Ron_Green · ‎02-24-2021

next experiment:

compile with

-align array64byte -qopenmp-simd

and make this small code addition

      !$omp simd aligned( A,B,C : 64 )
      do Aj = 1, size(A,2)
         do Bj = 1, size(B,2)
            do Ai = 1, size(A,1)
               do Bi = 1, size(B,1)
                  Ci = (Ai - 1) * size(B,1) + Bi
                  Cj = (Aj - 1) * size(B,2) + Bj
                  C(Ci, Cj) = C(Ci, Cj) + A(Ai, Aj) * B(Bi, Bj)
               enddo
            enddo
         enddo
      enddo
      !$omp end simd

Ron_Green · ‎02-24-2021

a few parting notes as I disengage from this thread. it looks like a somewhat interesting access pattern however.

These arrays are rather small. Is this typical of what you want to work with, 10x10s and 40x40s? YOu had to iterate a million times to even get the timer above noise level.

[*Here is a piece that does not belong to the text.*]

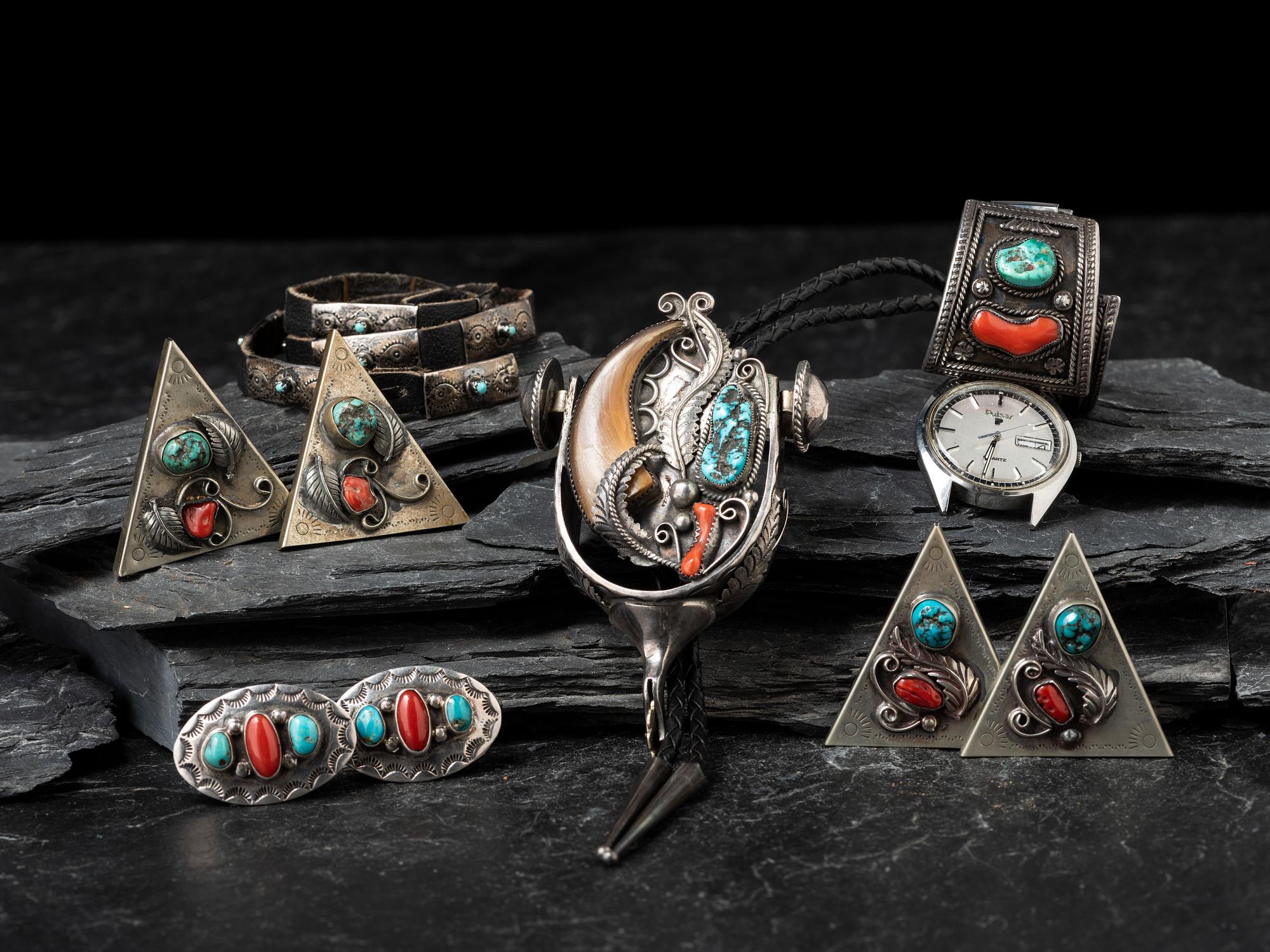 Navajo Silver, Turquoise, and Coral Cowboy Jewelry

Your #rows and # columns is 10 which is not a multiple of your vector size. I'd suggest making #rows and #columns multiples of your vector length. this will help the compiler from creating remainder loops. it may not match whatever physical problem you are trying to solve - I suspect you have a reason these are 10x10 and not 16x16 or some other vector multiple. Or perhaps you are trying to make it hard for the vectorizer; that can be an interesting study as well, throw it something that is not optimal for the architecture so you can contrast that with a GPU or other arch that is not reliant on vectorization.

Anyhow, with -qopt-report 5 you might now look at -qopt-report-phase=vec,loop OR use the Vector Advisor for more insight. Looks like a fun little study. Enjoy.

Aldo_H_ · ‎02-25-2021

The array sizes are typical of my application, and they're in an inner loop somewhere. (I found this problem when I "corrected" the my code by following Steve Lionel's recommendation of removing the slice in `c(:,:) = ...`)

Thank you for the alignment suggestion. I'll try that some day, possibly on a different case.

It seems unrelated to the difference in performance between `c(:,:) = ...` and `c = ...`. I think that's surprising behavior from the compiler. It shouldn't think that whether "C(ci,(aj-1)*4+bj) has aligned access" can depend on how `c` is allocated.